As shown in FIG. 3, the annular channel 18 of the compression ring 16 faces the annular tongue 12. The compression ring 16 is sized relative to the second radial abutment surface 14b so that, in its at-rest configuration, the radially innermost surface of the compression ring 16 is substantially level with the inner surface of the second section 8b of the axial portion 8. In other words, the inner diameter of the compression ring 16 is substantially equal to the internal diameter d2 of the second section 8b. The compression ring 16 may, however, sit slightly proud of or slightly below the level of the inner surface of the second section 8b.
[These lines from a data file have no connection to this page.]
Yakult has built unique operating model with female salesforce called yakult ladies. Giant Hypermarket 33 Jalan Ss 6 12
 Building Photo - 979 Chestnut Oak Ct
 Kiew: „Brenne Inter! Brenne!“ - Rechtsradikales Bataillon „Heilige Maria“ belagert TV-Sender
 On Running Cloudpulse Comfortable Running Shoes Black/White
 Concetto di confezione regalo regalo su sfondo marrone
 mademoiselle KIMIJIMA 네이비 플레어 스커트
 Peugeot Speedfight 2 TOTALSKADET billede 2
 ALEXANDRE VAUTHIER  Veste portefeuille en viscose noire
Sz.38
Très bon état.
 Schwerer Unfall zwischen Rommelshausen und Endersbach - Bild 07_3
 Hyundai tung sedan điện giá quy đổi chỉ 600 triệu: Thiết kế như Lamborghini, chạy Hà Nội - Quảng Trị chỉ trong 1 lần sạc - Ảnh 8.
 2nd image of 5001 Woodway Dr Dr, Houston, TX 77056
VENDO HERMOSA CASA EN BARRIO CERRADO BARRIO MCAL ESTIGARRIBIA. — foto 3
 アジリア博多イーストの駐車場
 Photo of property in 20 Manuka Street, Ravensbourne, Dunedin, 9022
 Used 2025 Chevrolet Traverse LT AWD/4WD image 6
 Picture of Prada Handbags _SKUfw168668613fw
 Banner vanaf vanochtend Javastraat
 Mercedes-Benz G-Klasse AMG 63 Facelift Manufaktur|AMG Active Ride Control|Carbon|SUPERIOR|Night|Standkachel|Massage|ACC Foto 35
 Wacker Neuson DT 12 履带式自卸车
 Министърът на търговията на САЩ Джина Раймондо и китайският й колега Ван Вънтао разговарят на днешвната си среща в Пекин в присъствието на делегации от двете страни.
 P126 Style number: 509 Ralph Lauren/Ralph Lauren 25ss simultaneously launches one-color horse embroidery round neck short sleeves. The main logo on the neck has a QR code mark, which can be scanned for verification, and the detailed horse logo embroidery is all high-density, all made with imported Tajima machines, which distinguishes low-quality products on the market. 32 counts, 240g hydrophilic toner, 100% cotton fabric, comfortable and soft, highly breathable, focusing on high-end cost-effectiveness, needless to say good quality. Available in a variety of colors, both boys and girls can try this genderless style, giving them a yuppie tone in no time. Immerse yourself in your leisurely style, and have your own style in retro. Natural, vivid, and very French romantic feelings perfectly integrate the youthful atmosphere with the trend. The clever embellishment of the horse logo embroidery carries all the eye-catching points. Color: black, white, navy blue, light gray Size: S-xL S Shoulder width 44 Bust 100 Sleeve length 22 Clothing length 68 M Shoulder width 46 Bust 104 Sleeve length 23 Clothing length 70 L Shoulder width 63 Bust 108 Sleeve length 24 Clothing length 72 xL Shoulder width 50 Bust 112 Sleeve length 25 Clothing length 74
The inner flange portion 10b of the bracket 6 is provided with a number of openings spaced around its circumference which each receive a bolt 20 (and washer). The outer flange portion 10a of the bracket 6 may also be provided with a number of openings (now shown) spaced around its circumference for attaching the bracket to a discharge or suction line.

An end surface of the port 4 is provided with an annular groove 22 which is sized to receive the annular tongue 12 of the bracket 6. The annular groove 22 encircles the opening of the port 4 which is defined by a cylindrical inner surface 24 of the pump housing. The annular groove 22 divides the end surface of the port 4 into an inner radial abutment surface 26a and an outer radial abutment surface 26b. The inner radial abutment surface 26a is recessed below the level of the outer radial abutment surface 26b and has a conical taper. The conical taper may assist with the loading of a tube in the pump housing. The conical taper may also assist in releasing the compression ring 16 during disassembly.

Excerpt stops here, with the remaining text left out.